• _The task_
Transcribe nothing except the lines below that run from the one with "Окно роза в соборе Парижской Богоматери" to the one with "Used 2021 RAM", ends included, and do not copy any picture.

• _Available records_
"""
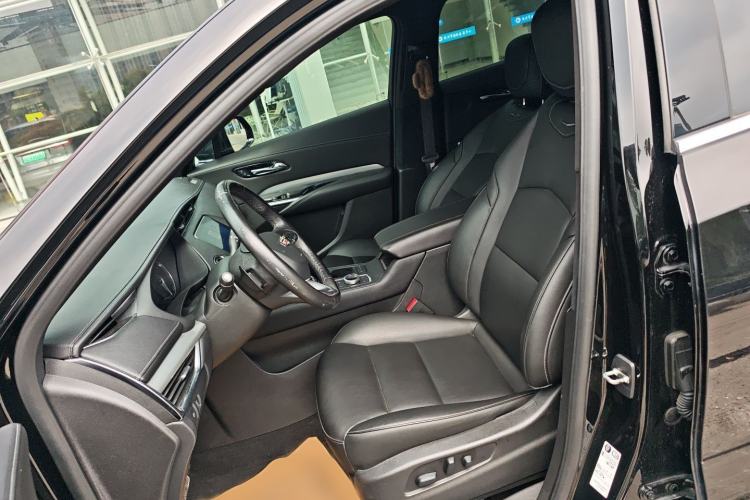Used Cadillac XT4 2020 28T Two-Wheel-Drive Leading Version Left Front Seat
"""
"""
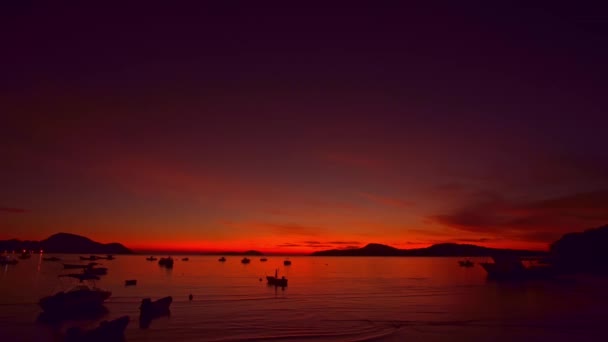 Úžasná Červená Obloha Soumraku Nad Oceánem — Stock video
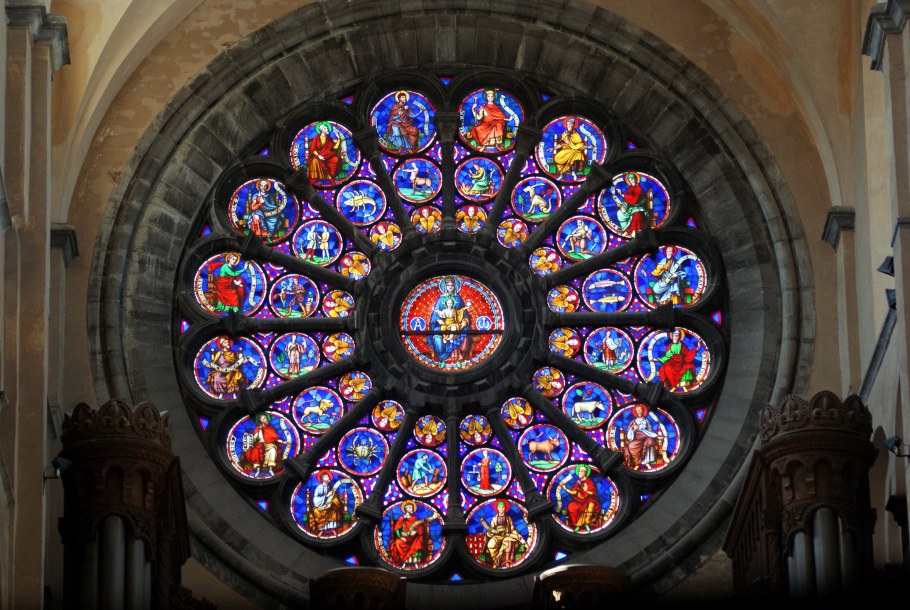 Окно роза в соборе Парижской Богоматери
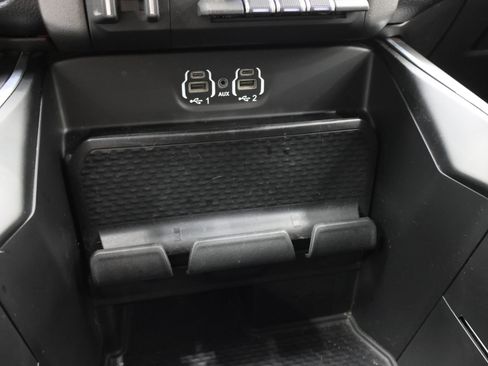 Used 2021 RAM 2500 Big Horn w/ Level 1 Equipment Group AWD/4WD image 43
"""
"""
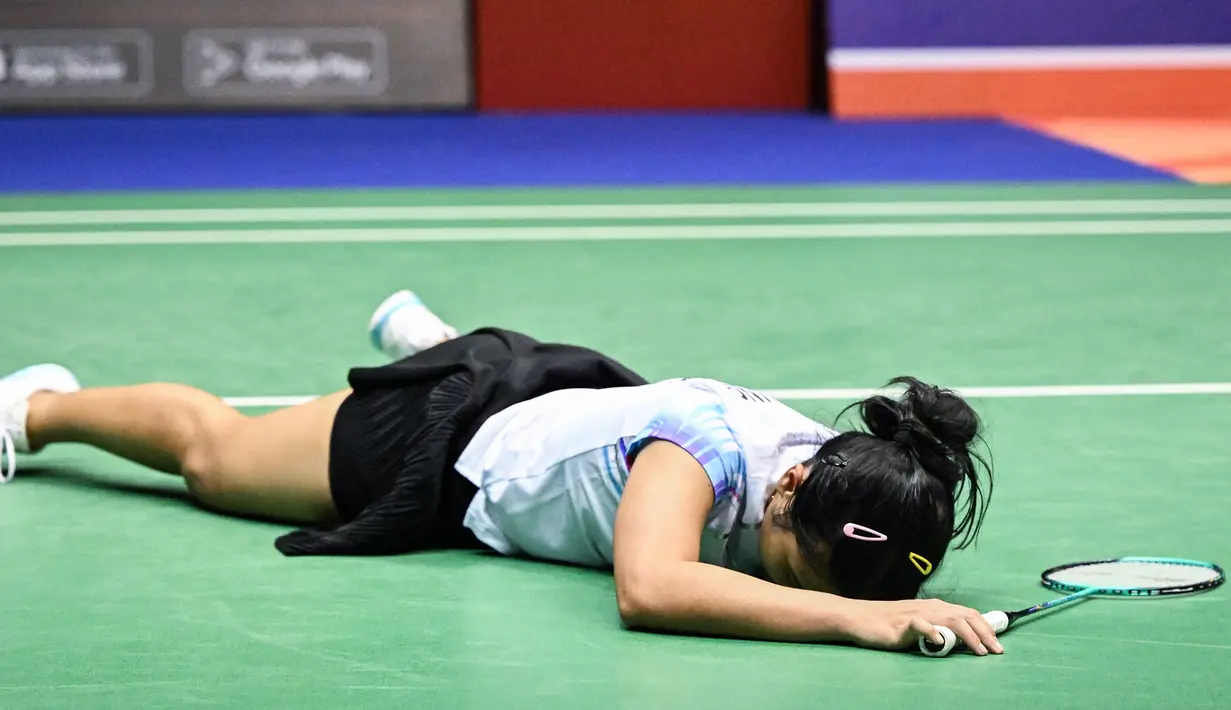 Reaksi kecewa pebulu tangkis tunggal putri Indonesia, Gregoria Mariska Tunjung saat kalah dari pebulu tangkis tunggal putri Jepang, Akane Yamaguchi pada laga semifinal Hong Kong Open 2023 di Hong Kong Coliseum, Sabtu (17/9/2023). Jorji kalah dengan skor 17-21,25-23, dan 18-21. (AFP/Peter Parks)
"""
• _The completed task_
 Окно роза в соборе Парижской Богоматери
 Used 2021 RAM 2500 Big Horn w/ Level 1 Equipment Group AWD/4WD image 43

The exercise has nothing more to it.